● **ASSIGNMENT**
From the line with "I Wear Teal" to the end of the data below, restate each line word for word, both ends included, without the pictures.

● **GIVEN INFORMATION**
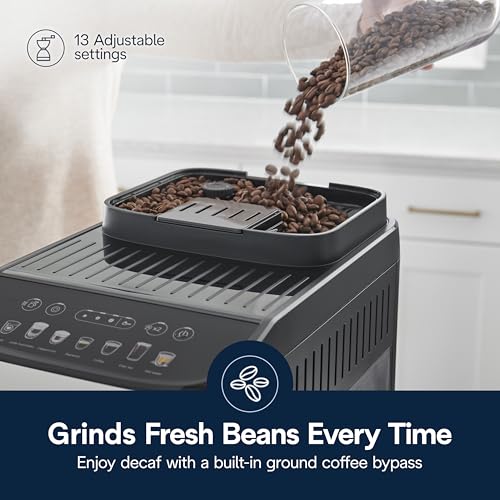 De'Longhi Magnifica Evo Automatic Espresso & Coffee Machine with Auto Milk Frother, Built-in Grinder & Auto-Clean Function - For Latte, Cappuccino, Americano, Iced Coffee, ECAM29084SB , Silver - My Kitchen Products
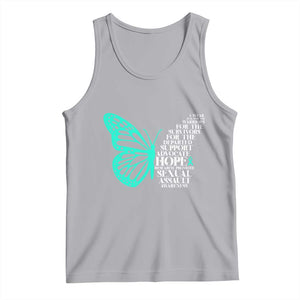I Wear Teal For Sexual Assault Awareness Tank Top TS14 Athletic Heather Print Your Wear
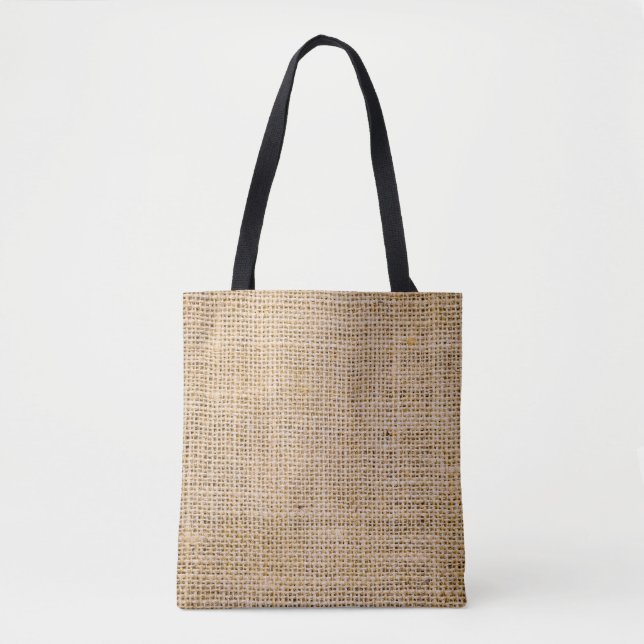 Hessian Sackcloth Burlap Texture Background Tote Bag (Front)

● **PROBLEM SOLUTION**
I Wear Teal For Sexual Assault Awareness Tank Top TS14 Athletic Heather Print Your Wear
 Hessian Sackcloth Burlap Texture Background Tote Bag (Front)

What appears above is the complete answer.